4
votes

Is there a TSQL equivalent for Azure Table Storage? I want to add hock type queries in .NET when the property names are not known at design time.

From my understating of LINQ, you need to reference existing public properties.

 var selectedOrders = from o in context.Orders
                 where o.Freight > 30
                 orderby o.ShippedDate descending 
                 select o;

Freight and ShippedDate must be public properties defined at design time. I don't have structured properties (or even structured classes).

What if I don't know the property names at design time? You can add new property names to a Table in a very add hock manner but how can you consume them?

Via the REST API can define a dynamic query

    Request Syntax:
    GET /myaccount/Customers()?$filter=(Rating%20ge%203)%20and%20(Rating%20le%206)$select=PartitionKey,RowKey,Address,CustomerSince  HTTP/1.1

Are there tools to use REST in .NET (in a dynamic manner)?

From REST API documentation: Use the logical operators defined by the .NET Client Library for ADO.NET Data Services Framework to compare a property to a value. Note that it is not possible to compare a property to a dynamic value; one side of the expression must be a constant. http://msdn.microsoft.com/en-us/library/windowsazure/dd894031.aspx

If the answer is you need to use SQL if you need TSQL type queries then OK.

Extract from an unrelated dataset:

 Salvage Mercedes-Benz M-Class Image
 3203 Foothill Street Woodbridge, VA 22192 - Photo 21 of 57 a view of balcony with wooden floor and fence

What I think I am learning is that Table Storage is designed to serialize classes (especially if you have many many instances to serialize). From this link: http://msdn.microsoft.com/en-us/library/windowsazure/dd179423.aspx The schema for a table is defined as a C# class. This is the model used by ADO.NET Data Services. The schema is known only to the client application and simplifies data access. The server does not enforce this schema.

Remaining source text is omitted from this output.